BEGIN

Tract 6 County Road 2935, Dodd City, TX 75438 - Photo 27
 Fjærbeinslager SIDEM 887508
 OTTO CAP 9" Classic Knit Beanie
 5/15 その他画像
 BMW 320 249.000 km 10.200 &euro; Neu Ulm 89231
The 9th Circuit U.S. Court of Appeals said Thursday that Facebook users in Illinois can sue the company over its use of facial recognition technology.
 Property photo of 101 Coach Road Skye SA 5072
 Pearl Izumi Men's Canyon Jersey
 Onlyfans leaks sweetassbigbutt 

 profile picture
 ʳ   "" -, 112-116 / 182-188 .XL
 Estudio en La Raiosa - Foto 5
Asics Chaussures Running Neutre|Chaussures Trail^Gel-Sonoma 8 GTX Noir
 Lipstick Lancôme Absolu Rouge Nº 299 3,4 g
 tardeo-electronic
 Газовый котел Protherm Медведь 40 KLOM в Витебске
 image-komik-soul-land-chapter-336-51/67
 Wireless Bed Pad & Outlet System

END

### THE PROBLEM
Show me all lines in the records that contain "Road".

### EXERCISE RESULT
Tract 6 County Road 2935, Dodd City, TX 75438 - Photo 27
 Property photo of 101 Coach Road Skye SA 5072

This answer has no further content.